Exercise data:

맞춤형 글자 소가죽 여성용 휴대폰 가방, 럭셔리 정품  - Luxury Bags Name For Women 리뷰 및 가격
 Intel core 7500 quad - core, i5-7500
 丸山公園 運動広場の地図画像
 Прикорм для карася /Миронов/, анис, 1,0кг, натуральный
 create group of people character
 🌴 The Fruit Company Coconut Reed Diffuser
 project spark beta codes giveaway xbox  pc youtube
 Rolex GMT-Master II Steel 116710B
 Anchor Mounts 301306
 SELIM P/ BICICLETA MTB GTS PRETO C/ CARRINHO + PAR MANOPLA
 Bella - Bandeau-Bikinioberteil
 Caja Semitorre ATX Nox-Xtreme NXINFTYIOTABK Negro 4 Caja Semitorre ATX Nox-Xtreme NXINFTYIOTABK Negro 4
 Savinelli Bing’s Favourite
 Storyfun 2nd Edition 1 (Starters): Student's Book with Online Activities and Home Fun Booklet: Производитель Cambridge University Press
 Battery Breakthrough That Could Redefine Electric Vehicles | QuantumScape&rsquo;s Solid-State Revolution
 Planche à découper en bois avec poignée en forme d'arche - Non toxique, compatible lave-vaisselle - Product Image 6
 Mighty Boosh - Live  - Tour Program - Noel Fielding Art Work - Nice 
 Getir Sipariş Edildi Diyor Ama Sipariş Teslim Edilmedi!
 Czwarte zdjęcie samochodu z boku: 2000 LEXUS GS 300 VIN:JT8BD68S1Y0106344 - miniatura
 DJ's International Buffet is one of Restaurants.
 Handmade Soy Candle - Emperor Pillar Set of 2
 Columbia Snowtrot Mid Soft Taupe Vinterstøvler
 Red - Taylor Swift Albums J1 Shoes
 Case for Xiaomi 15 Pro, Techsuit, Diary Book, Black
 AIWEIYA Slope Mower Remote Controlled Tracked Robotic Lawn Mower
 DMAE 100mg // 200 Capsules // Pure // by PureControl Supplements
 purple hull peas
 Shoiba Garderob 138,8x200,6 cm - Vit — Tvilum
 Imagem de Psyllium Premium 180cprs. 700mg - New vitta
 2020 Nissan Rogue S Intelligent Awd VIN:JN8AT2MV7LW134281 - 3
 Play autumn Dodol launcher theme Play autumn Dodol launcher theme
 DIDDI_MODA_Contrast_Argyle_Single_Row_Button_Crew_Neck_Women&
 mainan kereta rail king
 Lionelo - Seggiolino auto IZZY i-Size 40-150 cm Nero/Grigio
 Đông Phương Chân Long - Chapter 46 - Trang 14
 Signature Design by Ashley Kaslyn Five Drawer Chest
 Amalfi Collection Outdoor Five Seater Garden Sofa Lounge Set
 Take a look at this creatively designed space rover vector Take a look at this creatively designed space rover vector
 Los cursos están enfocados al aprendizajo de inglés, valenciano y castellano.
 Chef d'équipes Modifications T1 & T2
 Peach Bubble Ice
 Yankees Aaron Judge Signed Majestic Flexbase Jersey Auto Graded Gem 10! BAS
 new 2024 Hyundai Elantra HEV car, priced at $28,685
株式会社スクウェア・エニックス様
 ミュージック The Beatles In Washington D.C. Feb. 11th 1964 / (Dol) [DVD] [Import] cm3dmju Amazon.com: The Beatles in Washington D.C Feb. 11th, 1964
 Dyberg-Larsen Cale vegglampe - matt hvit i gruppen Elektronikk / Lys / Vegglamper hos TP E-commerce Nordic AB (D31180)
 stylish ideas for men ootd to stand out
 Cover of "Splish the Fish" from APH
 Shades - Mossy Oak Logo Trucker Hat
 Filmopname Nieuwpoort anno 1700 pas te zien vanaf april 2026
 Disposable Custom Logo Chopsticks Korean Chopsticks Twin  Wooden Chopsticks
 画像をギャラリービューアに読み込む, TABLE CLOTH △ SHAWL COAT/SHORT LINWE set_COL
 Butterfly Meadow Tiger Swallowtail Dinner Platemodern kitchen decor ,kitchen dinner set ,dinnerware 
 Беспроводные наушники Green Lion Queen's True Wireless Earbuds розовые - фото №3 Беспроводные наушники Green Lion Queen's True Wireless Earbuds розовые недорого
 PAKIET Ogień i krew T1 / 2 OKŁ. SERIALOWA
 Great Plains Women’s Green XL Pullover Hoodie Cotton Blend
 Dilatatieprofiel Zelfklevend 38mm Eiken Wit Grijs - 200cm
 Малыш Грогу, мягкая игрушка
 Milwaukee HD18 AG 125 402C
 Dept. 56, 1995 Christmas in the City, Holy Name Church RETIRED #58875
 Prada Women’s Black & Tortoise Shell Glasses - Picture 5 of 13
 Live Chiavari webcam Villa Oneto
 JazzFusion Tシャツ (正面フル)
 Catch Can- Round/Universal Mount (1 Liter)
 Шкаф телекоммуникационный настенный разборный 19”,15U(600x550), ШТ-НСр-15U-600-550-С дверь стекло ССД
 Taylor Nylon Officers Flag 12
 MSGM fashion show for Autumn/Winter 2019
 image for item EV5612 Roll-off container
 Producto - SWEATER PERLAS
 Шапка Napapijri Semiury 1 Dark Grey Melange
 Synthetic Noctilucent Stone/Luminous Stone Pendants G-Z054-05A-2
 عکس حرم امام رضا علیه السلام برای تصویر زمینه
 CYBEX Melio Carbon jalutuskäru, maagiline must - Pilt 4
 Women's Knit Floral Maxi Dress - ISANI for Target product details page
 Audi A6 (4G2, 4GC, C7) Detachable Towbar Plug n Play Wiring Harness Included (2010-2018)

What is expected:
Copy out each line of the listing that holds the word "Five".

Answer box:
 Signature Design by Ashley Kaslyn Five Drawer Chest
 Amalfi Collection Outdoor Five Seater Garden Sofa Lounge Set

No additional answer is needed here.